Grand Prince of Tĩnh Hải quân
- Reign: 950–965
- Predecessor: Dương Tam Kha
- Successor: Ngô Xương Xí (warlord)
- Co-king: Ngô Xương Ngập (Thiên Sách Vương, 950–954)
- Born: 935
- Died: 965

Names
- Ngô Xương Văn (吳昌文)

Regnal name
- Nam Tấn Vương (南晉王)
- Dynasty: Ngô
- Father: Ngô Quyền
- Mother: Dương Quốc mẫu

= Ngô Xương Văn =

Ngô Xương Văn (吳昌文, 935-965), formally King of Nam Tấn (南晉王), was a king of the Vietnamese Ngô dynasty.
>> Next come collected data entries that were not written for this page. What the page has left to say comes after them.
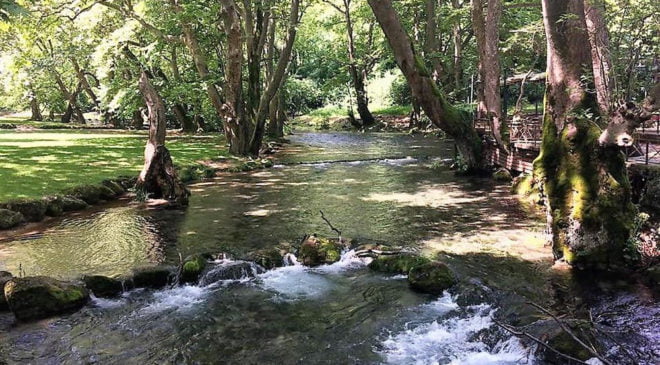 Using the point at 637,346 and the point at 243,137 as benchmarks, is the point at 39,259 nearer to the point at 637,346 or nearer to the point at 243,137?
the point at 637,346

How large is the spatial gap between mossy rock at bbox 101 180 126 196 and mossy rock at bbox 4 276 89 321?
7566 mm

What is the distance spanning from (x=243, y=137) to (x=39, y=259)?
1352 cm

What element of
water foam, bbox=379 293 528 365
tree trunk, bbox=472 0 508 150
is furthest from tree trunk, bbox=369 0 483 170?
water foam, bbox=379 293 528 365

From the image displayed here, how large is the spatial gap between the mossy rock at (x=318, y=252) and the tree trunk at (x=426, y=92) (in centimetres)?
745

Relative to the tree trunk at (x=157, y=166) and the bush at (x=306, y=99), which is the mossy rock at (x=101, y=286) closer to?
the tree trunk at (x=157, y=166)

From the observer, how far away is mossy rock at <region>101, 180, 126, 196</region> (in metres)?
14.4

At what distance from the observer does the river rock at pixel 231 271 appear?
8.29 metres

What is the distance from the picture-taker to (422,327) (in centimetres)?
652

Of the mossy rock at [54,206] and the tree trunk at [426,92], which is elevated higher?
the tree trunk at [426,92]

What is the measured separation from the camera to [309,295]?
772 centimetres

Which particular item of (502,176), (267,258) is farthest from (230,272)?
(502,176)

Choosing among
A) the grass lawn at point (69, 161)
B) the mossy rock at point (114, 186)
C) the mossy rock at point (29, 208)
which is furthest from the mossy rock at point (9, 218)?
the mossy rock at point (114, 186)

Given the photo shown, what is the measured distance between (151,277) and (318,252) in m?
2.81

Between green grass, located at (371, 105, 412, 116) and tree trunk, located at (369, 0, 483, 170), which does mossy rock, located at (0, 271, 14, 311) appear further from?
green grass, located at (371, 105, 412, 116)
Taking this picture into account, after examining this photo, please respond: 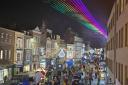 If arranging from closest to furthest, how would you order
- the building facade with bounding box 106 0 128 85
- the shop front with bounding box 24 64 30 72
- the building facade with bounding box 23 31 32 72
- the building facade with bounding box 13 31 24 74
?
the building facade with bounding box 106 0 128 85 → the building facade with bounding box 13 31 24 74 → the building facade with bounding box 23 31 32 72 → the shop front with bounding box 24 64 30 72

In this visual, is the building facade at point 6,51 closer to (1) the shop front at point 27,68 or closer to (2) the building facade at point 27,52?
(2) the building facade at point 27,52

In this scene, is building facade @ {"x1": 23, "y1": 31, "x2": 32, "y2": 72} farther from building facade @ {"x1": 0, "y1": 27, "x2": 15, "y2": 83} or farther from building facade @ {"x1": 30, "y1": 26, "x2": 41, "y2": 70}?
building facade @ {"x1": 0, "y1": 27, "x2": 15, "y2": 83}

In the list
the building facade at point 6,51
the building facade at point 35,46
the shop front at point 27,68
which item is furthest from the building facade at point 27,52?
the building facade at point 6,51

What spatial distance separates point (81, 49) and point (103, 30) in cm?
2922

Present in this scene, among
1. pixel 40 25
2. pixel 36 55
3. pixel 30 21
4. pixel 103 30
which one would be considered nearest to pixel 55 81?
pixel 30 21

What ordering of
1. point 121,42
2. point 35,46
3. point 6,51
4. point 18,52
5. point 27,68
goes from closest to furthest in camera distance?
point 121,42 → point 6,51 → point 18,52 → point 27,68 → point 35,46

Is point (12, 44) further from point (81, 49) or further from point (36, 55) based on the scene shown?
point (81, 49)

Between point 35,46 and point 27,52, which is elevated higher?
point 35,46

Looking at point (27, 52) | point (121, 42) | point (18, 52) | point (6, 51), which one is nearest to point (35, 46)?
point (27, 52)

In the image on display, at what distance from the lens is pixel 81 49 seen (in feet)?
368

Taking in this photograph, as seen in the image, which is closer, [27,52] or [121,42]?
[121,42]

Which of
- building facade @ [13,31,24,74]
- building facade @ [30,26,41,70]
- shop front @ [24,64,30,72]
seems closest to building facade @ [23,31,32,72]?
shop front @ [24,64,30,72]

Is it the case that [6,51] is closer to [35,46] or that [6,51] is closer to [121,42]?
[35,46]

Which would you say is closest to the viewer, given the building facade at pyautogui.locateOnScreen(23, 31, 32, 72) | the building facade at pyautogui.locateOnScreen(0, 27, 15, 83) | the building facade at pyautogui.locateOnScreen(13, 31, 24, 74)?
the building facade at pyautogui.locateOnScreen(0, 27, 15, 83)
He was the second son of Ngô Quyền, the dynastic founder.

==Background==
Ngô Xương Văn was born in 935. According to Chinese source Historical Records of the Five Dynasties, his name was Ngô Xương Tấn (吳昌晉). King Ngô Quyền died in 944, and appointed Văn's elder brother Ngô Xương Ngập as successor. However, Ngập was banished and usurped by the regent Dương Tam Kha. In order to deceive the public, Văn was adopted by Dương Tam Kha.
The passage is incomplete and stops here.